House E&C Committee leaders question tech companies’ response to Meltdown, Spectre vulnerabilities

Leaders of the House Energy and Commerce Committee asked tech companies on Wednesday to explain their response to vulnerabilities known as Meltdown and Spectre that left devices using the companies’ processors susceptible to data theft.

The CEOs of Apple, Microsoft, Amazon, Google, Intel, AMD, and ARM began collaborating in June after Google researchers uncovered the vulnerabilities. The companies released a series of updates to address the vulnerabilities and went public with the threat on Jan. 4.

U.S. Rep.
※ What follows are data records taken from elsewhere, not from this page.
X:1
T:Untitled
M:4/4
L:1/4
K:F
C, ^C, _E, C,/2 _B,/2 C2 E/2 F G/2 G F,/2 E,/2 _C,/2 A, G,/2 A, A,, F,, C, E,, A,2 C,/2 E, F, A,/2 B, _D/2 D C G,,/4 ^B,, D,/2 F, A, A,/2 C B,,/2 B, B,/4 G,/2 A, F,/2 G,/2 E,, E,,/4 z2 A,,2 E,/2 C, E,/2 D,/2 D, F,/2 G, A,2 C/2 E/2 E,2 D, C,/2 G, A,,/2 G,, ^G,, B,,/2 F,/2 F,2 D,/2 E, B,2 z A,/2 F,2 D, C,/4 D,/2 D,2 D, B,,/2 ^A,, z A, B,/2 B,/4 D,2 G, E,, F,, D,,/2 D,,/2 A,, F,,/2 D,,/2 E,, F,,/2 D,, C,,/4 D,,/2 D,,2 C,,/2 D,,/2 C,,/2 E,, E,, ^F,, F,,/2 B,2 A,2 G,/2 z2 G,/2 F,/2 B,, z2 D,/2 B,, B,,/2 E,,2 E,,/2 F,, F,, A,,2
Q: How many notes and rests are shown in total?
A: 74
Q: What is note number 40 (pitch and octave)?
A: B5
Greg Walden (R-OR), the chairman of the committee, and subcommittee leaders questioned the companies’ decision to “restrict the dissemination and information related to the vulnerabilities” for nearly six months.
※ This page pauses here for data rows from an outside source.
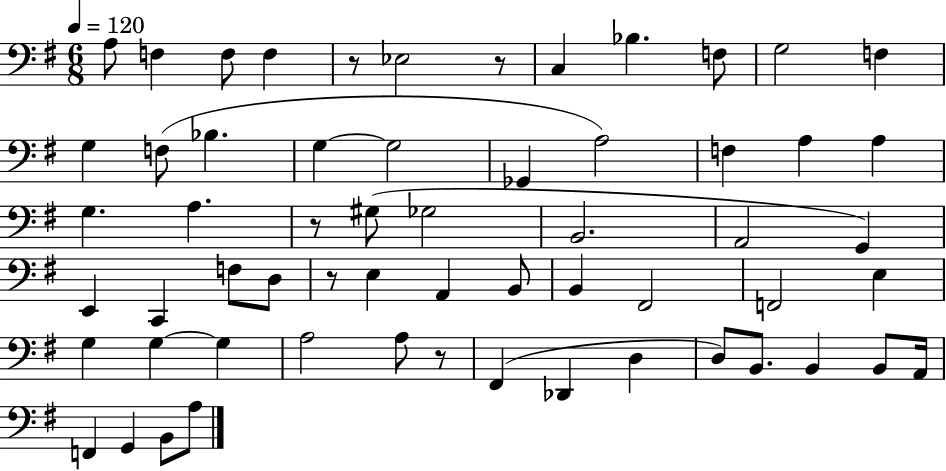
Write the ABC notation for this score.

X:1
T:Untitled
M:6/8
L:1/4
K:G
A,/2 F, F,/2 F, z/2 _E,2 z/2 C, _B, F,/2 G,2 F, G, F,/2 _B, G, G,2 _G,, A,2 F, A, A, G, A, z/2 ^G,/2 _G,2 B,,2 A,,2 G,, E,, C,, F,/2 D,/2 z/2 E, A,, B,,/2 B,, ^F,,2 F,,2 E, G, G, G, A,2 A,/2 z/2 ^F,, _D,, D, D,/2 B,,/2 B,, B,,/2 A,,/4 F,, G,, B,,/2 A,/2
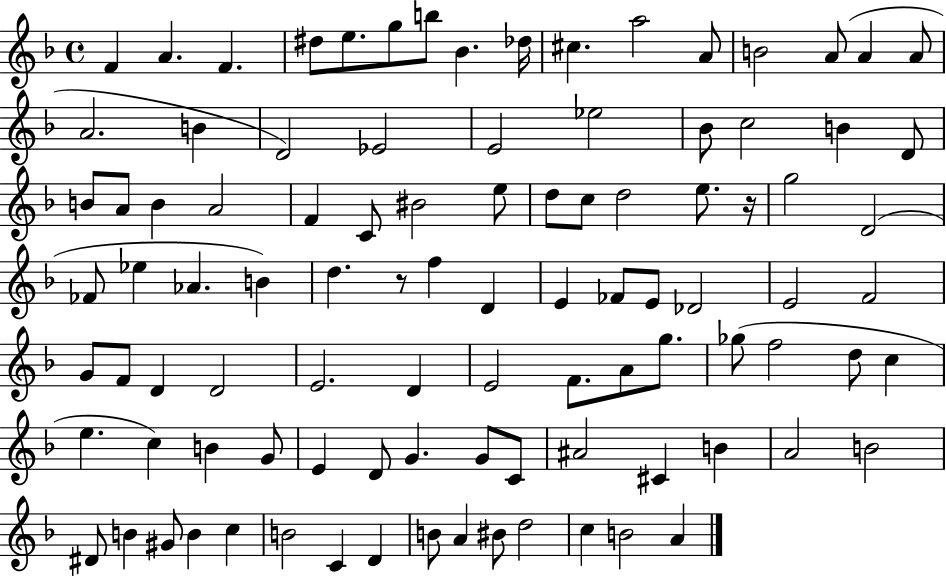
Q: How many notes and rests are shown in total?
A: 98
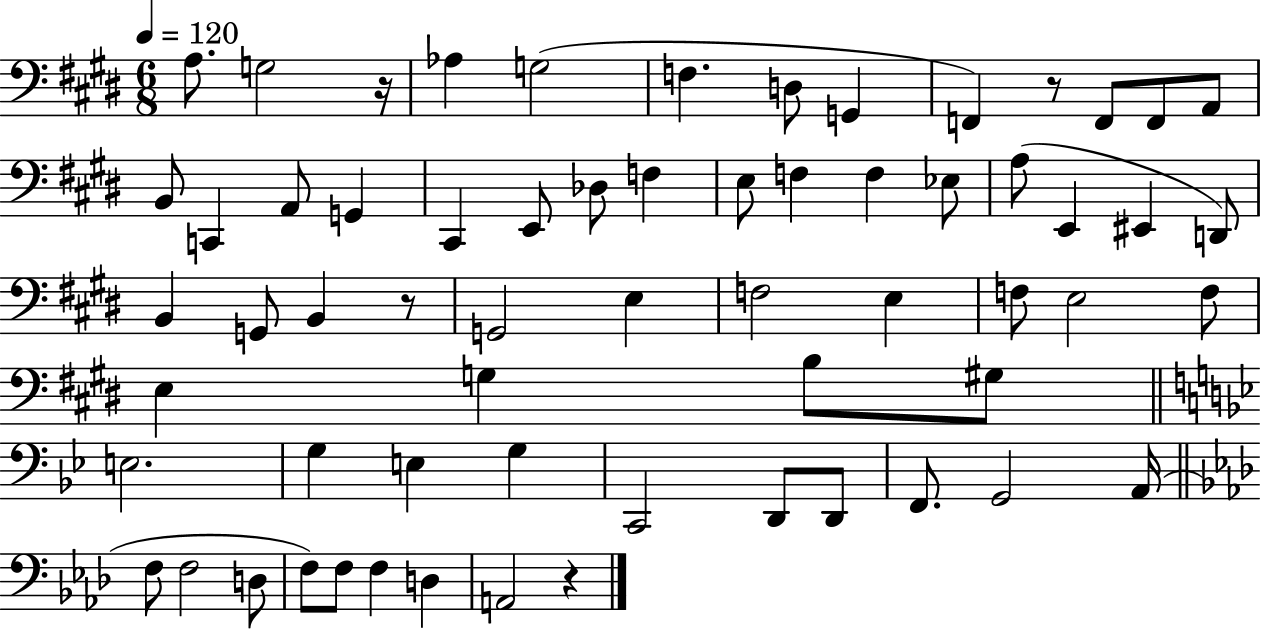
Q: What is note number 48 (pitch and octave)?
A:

“While we acknowledge that critical vulnerabilities such as these create challenging trade-offs between disclosure and secrecy, as premature disclosure may give malicious actors time to exploit the vulnerabilities before mitigations are developed and deployed, we believe that this situation has shown the need for additional scrutiny regarding multi-party coordinated vulnerability disclosures,” the letter stated.
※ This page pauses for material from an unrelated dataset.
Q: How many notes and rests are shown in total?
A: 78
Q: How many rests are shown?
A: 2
The lawmakers applauded the industry’s response to the vulnerabilities, noting that “the general consensus seems to agree that these initial efforts have mitigated the worst of the danger.”

However, information about Meltdown and Spectre began to leak before the Jan. 4 public announcement, and several companies have reported that patches aimed at addressing the vulnerabilities have created new issues like freezing computers and impacting antivirus products.

“As demonstrated by numerous incidents over the past several years, cybersecurity is a collective responsibility,” the letter stated. “Further, it is a responsibility that is no longer limited solely to the information technology sector; connected products exist in electric grids, hospitals, manufacturing equipment and in innumerable other sectors.”

Response to Meltdown and Spectre demonstrates that no one company or sector working in isolation can protect their products and users from cyber threats, the letter said.